World Cup 2014

World Cup: USMNT gets through the hard way, but that's no reason to mute the celebrations

RECIFE, Brazil – During his previous life as one of the greatest German strikers in the annals of that country’s history, Jurgen Klinsmann was known for a number of signature moments.

Of course, he scored plenty of goals throughout Europe, but perhaps just as many people remember a trademark belly-flop celebration that came after his biggest ones. If the soccer field had a home plate, Klinsmann would swoop in safe by a mile, his arms extended in a full-blown swan dive with and a mop of blonde hair flapping in the breeze.

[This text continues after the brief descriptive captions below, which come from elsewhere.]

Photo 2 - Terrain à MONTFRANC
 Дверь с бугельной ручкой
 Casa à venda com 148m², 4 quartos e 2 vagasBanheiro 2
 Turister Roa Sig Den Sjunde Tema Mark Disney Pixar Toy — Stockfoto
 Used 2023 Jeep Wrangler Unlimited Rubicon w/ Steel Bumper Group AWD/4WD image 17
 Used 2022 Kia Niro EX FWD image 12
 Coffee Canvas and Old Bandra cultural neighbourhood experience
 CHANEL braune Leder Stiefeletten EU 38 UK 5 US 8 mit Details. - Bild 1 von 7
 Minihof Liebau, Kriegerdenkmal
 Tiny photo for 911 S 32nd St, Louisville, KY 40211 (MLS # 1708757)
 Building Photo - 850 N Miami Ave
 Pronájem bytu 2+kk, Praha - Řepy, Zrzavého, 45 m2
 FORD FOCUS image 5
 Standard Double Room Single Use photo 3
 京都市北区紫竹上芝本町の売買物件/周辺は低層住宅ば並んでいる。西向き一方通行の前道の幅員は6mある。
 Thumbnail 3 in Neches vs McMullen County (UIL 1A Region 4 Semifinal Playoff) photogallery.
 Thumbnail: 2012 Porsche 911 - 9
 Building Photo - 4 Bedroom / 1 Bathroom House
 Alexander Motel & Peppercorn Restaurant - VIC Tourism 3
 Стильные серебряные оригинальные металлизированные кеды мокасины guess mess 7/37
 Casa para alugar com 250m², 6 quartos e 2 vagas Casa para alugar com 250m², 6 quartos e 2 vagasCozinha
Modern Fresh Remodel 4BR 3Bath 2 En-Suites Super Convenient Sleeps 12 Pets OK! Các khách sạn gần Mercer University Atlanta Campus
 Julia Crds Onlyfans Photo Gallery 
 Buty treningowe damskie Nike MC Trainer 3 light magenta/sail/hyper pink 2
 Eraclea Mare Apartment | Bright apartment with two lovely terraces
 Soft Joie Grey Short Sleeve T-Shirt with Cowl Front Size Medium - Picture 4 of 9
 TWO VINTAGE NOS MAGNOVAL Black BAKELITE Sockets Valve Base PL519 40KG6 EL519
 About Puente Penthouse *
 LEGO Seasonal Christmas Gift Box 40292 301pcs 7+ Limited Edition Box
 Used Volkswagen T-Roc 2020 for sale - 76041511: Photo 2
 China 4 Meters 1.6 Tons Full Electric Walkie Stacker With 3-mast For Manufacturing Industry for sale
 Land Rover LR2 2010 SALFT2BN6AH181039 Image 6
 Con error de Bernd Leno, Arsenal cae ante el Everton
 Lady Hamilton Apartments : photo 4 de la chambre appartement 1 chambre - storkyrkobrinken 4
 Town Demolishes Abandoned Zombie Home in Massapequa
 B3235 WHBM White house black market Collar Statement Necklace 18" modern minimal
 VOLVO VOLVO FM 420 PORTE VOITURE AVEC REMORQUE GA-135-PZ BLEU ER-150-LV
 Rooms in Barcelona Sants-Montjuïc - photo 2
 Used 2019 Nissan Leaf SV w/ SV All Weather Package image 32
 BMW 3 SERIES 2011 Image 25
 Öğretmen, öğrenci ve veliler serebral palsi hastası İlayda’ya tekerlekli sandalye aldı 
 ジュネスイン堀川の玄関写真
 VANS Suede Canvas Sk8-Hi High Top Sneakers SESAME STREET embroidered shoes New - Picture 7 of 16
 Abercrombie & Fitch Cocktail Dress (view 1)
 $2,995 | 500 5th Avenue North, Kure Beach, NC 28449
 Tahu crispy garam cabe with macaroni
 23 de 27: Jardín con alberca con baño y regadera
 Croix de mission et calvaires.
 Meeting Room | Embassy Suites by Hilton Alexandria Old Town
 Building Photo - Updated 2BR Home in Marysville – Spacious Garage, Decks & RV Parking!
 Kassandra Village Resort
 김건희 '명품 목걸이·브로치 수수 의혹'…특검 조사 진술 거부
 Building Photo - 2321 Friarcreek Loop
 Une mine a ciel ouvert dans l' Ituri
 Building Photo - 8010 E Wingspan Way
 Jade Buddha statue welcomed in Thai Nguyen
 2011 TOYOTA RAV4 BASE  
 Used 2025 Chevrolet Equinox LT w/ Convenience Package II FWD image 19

The conditions were perfect for another such flop at Arena Pernambuco on Thursday. Steady rain throughout the day saturated the field here for the United States’ Group G finale against Germany, a soggy game that was supposed to decide the US’ fate in Brazil but ultimately didn’t, a World Cup curiosity Americans must adore now that they’ve white-knuckled their way into another week.

“It would have been no problem, I was wet already,” Klinsmann quipped. “But it would have been difficult after a defeat.”

Yes, the Americans lost their final group-stage game against Germany, 1-0. Both Klinsmann and the players admitted they gave too much respect to their opponents, and the US were subsequently outplayed for large swaths of the match. The US rarely threatened to score, resigned to rope-a-dope against the Germans and hope a bounce might go their way or a set-piece goal might even the tables against the better technical team.

But this is the World Cup. Emotions are sometimes tougher to figure out here than they are in the real world.

Where else would the team feel sullen and dumbstruck after their best performance by a mile in a 2-2 draw against Portugal on Sunday night in Manaus? And who said it’s cool to hug each other and celebrate with your fans after you were just picked apart by Germany?

That’s five days of soccer in Brazil. Wet and wild.

“The last game’s draw felt like a loss,” said defender Omar Gonzalez, “and today’s loss felt like a win. It’s pretty weird.”

Added defender Matt Besler: “I bet that only happens in the World Cup, right?”

The US are through to the knockout round for the second straight time – that’s worth celebrating. The cathartic win over Ghana in the opener paired with a solid performance against Portugal gave them a leg to stand on, but they’re moving on in part because a series of events that were completely out of their control.

Most of those events revolved around Portugal, who upended Ghana 2-1 in Brasilia to end the Black Stars’ very real hopes of once again playing the villain to Captain America. That win and Portugal’s 4-0 collapse against Germany in the group’s opening match on June 16 were enough to leave the Americans standing alone in the all-important second slot based on goal differential, another razor-thin escape not unlike the US’ bid in 2002.

The Americans advanced ahead of Portugal that year, too, before eventually racing to the quarterfinals, something that’s certainly not out of the question now. The US hit their share of potholes in the group stage – their team bus even drove through flash floods just to get to the stadium on Thursday – but their ride is still very much intact heading to Salvador, where they’ll meet Belgium on July 1 (4 pm ET, ESPN).

“We said from Day 1, we’ve got to beat Ghana and then we get a point somewhere …” USSF president Sunil Gulati told reporters on Thursday. “If you were looking at how this would play out you’d say, ‘Beat Ghana, draw with Portugal and play like heck against Germany.’ They’re a very, very good team and they were better than us today, but we did what we needed to do.

“It is a little bit of an odd feeling because you lost the last game,” he added, “but we’re dancing.”

Despite the loss, the Americans survived this game without taking too many lumps. Gonzalez strode back into the starting lineup for center back Geoff Cameron with ease, midfielder Kyle Beckerman proved his worth for the third straight game and, unlike the game against Ghana that leveled strikers Clint Dempsey and Jozy Altidore and hobbled Besler, all players left this one largely unscathed.

Jermaine Jones said he thought he suffered a broken nose on a scary collision with winger Alejandro Bedoya in the second half, but the black eyes that stained the faces of Dempsey and defender Fabian Johnson are beginning to fade. Altidore may return for the knockout game. No players are suspended with yellow-card accumulation.

All of that is something to celebrate, but don’t expect Klinsmann to do it soon. Instead of his signature flop, he just shook hands with his players Thursday and smiled after the Portugal score appeared on the stadium screens, then he disappeared into the tunnel.

“Now we can put this behind us,” Klinsmann said. “And once the group is done, a whole different tournament actually starts."